Nachhaltigkeit und Mitbestimmung im Bankenaufsichtsrat
Nachhaltigkeitsberichte als wirksamer Hebel für Aufsichtsräte um auf eine sozial-ökologisch orientierte Unternehmensstrategie hinzuwirken.
Die Anhebung von Rechenschafts- und Publizitätspflichten für Unternehmen zu Umwelt, Soziales und Governance sind entscheidender Anknüpfungspunkt für Betriebs- und Aufsichtsräte, um auf eine sozial-ökologisch nachhaltig ausgerichtete Unternehmensführung hinzuwirken.
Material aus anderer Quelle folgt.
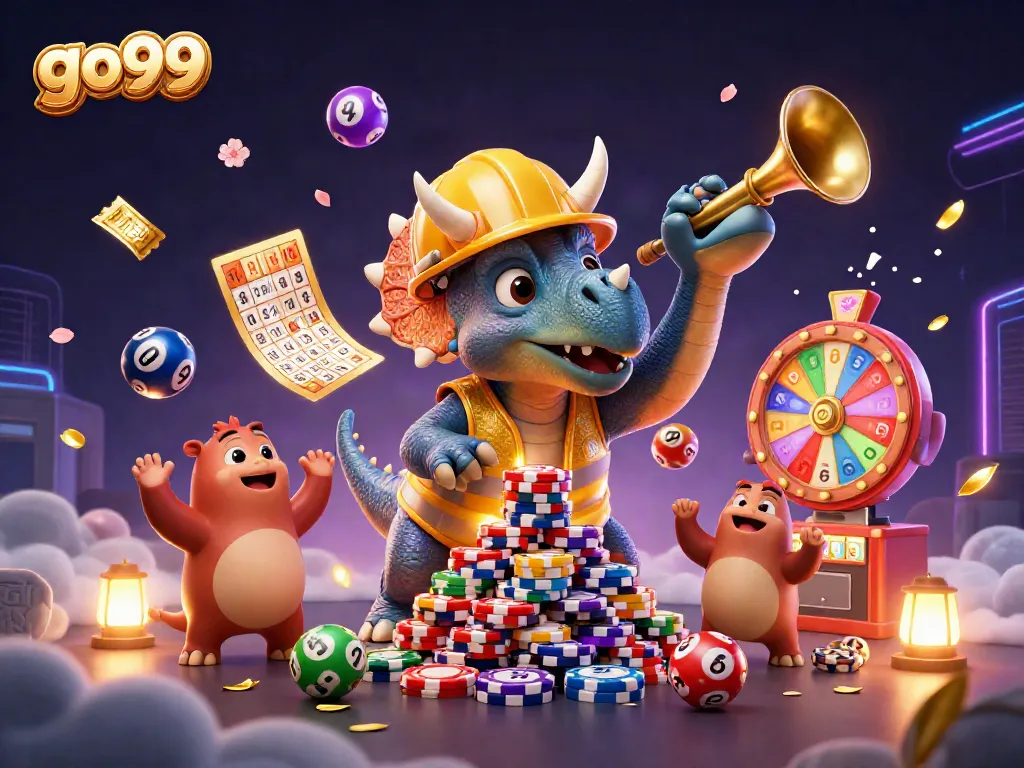Engage in go99 gaming fun with a vibrant scene of casino characters in action.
Die Nachhaltigkeitsberichterstattung ist ein wirksamer Hebel für Arbeitnehmervertreter:innen im Aufsichtsrat. Arbeitnehmervertreter:innen sollten daher proaktiv vorgehen und strategische Fragen zur „Nachhaltigkeits-Governance“ im Unternehmen sprich zur Etablierung bzw. zum Ausbau des Nachhaltigkeitsreportings sowie zur Verankerung der Nachhaltigkeitsstrategie (Ziele, Evaluierung) aufwerfen. Dies mit besonderem Fokus auf das Reporting und die Festlegung sozialer Zielsetzungen (z.B. Aus- und Weiterbildung fördern und gerecht verteilen, Gesundheit und Sicherheit am Arbeitsplatz, Fluktuation senken, Gleichstellung vorantreiben). Von höchster Bedeutung für die Umsetzung einer wirksamen Nachhaltigkeitsstrategie ist die Einrichtung eines Nachhaltigkeitsmanagements, mit entsprechenden Ressourcen (Personal, Budget).
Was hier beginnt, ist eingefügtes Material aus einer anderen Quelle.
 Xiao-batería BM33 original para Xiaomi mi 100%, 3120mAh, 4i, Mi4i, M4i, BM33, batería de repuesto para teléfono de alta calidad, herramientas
Schon heute nimmt der Gesetzgeber Vorstand und Aufsichtsrat in die Pflicht, für die Qualität der „nichtfinanziellen Berichte“ sowie der ihr zugrunde liegenden Datenerfassungs- und Steuerungssysteme Sorge zu tragen. Durch den veröffentlichten Richtlinienentwurf der EU-Kommission zu einer Corporate Sustainability Reporting Directive (CSRD) vom April 2021 erfährt diese Verantwortung weiteren Nachdruck. Am 24. Februar 2022 hat der Rat nunmehr seinen Standpunkt („allgemeine Ausrichtung“) zu dem Vorschlag der Europäischen Kommission festgelegt. Mit dieser allgemeinen Ausrichtung erhält der Ratsvorsitz ein Mandat für weitere Gespräche mit dem Europäischen Parlament, die im Frühjahr 2022 beginnen sollen. Zu den wesentlichen Neuerungen für Management und Aufsichtsrat:
Ein Thema, das auf besonders umfassende Art und Weise neu geregelt wird, ist jenes der externen Prüfung der Nachhaltigkeitsberichterstattung – primär durch hierfür beauftragte Wirtschaftsprüfer:innen oder andere spezialisierte Dienstleister:innen. Dies soll grundsätzlich den Aufsichtsrat unterstützen, seinen eigenen Prüfpflichten nachzukommen. Die vorgeschlagenen Neuregelungen sind von großer Komplexität und machen daher eine intensive Befassung durch den Aufsichtsrat unumgänglich. Dieser ist weiterhin für die Beauftragung und Sicherstellung einer adäquaten Durchführung der beauftragten Prüfung verantwortlich. Weiters ist die allgemeine Bestimmung des § 82 Aktiengesetz (AktG) zu berücksichtigen, die den Vorstand zur Führung eines angemessenen IKS und Rechnungswesens verpflichtet – was gleichermaßen für die Nachhaltigkeitsberichterstattung gilt. Dies hat der Aufsichtsrat wiederum zu überwachen. Und auch für die weitere Transformation der Organisations- und Governance-Strukturen hat der Aufsichtsrat seine Beiträge zu leisten: Zunehmend lässt sich der Bedarf erkennen, die oftmals historisch gewachsenen Nachhaltigkeits-Agenden in Unternehmen in die Finanzorganisation und die dafür entwickelten Systeme, Prozesse und Rollenprofile zu überführen.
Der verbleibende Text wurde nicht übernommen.